As impressive as the exploits of Graham and Motley on offense were, the Browns’ bread and butter came on the defensive side of the football. The aforementioned interception and scoring defense numbers lend credence to this notion. But they also finished no worse than second defending the pass during their tenure in the AAFC, a testament to the pressure created up front that Willis played a part in. The argument could be made that going 15-0 in 1948 was given a significant boost due to their defensive prowess. That year, they led the AAFC in both rushing and total defense and finished second in yardage conceded through the air. Willis’ teammates continually raved about his quickness off the snap, something that contributed greatly to the Browns’ success during this decade of dominance.
Contextualizing the 1948 Cleveland Browns’ Place in Pro Football History
The 1948 Cleveland Browns certainly have their own unique place in the history of the game at professional level. The fact that only one other team in the nearly 100-year history of pro football has an unbeaten and untied season on its resume makes that readily apparent.

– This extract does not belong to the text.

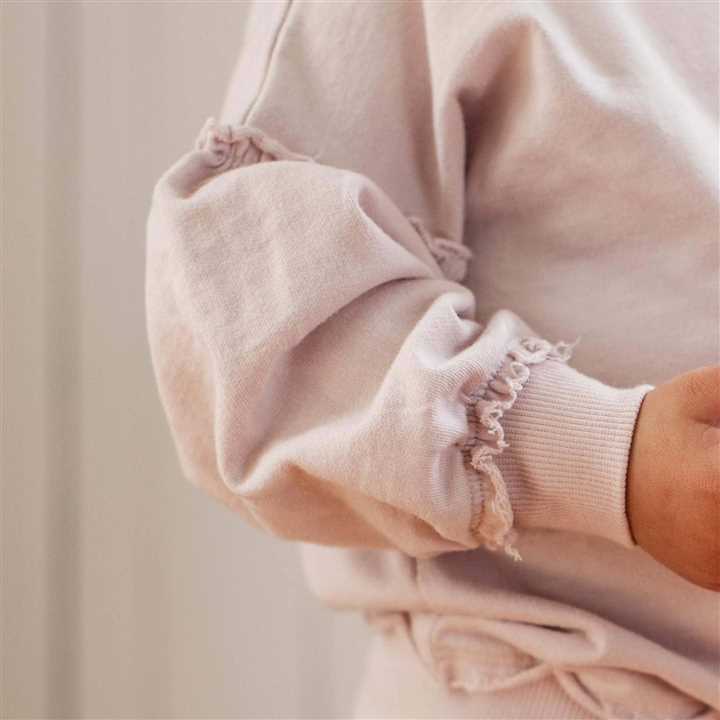 Sweatshirt Set: Soft Violet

However, that doesn’t mean they won’t get their fair share of detractors. Some will undoubtedly decry the level of play in the AAFC, especially given the final score of the championship game that year. While it’s fair to point that out, Cleveland unquestionably proved their worth with that 1950 NFL title to cap off their first year in the league. And since the NFL instituted a championship game in 1933, the Browns are the only team in league history to make six consecutive appearances in it. This obviously includes the Super Bowl era.
One thing that practically everyone can agree on is that it’s now an extremely distant memory. Gone are the days when the Browns instilled a sense of dread and envy among opposing fans. Nowadays, the sentiment directed towards the team oscillates between pity and downright condescension.
Are times a changing? The team did appear to hit the 2018 off-season out of the park both via free agency and the draft. They have a general manager at the helm in John Dorsey who boasts a track record of success during his previous stint with the Kansas City Chiefs. In the end, only time will tell if Baker Mayfield is anywhere near the level of Bernie Kosar, let alone Otto Graham.